Segment Open

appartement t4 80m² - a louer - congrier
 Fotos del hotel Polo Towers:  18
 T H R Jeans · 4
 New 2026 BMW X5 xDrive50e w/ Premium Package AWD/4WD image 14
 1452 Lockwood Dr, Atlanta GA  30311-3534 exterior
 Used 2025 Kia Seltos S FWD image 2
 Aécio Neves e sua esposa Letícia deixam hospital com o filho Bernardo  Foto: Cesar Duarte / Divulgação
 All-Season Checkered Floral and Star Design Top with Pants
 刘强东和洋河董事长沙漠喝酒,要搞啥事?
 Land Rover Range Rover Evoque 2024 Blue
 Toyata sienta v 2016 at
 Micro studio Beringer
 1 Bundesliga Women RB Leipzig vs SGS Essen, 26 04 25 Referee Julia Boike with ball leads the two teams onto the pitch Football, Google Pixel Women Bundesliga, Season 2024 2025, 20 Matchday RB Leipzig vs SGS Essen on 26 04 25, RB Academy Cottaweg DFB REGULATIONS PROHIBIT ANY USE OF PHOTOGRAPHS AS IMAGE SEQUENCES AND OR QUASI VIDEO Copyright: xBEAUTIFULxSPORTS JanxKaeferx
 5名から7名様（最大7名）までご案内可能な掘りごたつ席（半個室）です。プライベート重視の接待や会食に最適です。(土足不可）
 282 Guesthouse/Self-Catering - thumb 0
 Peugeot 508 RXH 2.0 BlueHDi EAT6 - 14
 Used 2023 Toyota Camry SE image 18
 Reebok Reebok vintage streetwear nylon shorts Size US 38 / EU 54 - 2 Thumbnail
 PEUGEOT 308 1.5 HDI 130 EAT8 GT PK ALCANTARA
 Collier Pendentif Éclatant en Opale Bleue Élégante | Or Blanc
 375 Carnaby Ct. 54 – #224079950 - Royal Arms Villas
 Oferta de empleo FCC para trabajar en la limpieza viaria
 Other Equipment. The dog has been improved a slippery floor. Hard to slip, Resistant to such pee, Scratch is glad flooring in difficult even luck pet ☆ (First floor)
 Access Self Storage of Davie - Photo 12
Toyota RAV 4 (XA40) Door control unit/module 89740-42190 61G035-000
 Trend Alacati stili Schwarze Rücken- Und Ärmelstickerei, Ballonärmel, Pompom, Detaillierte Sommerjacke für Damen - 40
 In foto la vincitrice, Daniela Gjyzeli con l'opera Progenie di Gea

Segment Closed

=== AIM OF THE TASK ===
Copy every line above that holds the word "with".

=== ANSWER TO THE PROBLEM ===
 All-Season Checkered Floral and Star Design Top with Pants
 1 Bundesliga Women RB Leipzig vs SGS Essen, 26 04 25 Referee Julia Boike with ball leads the two teams onto the pitch Football, Google Pixel Women Bundesliga, Season 2024 2025, 20 Matchday RB Leipzig vs SGS Essen on 26 04 25, RB Academy Cottaweg DFB REGULATIONS PROHIBIT ANY USE OF PHOTOGRAPHS AS IMAGE SEQUENCES AND OR QUASI VIDEO Copyright: xBEAUTIFULxSPORTS JanxKaeferx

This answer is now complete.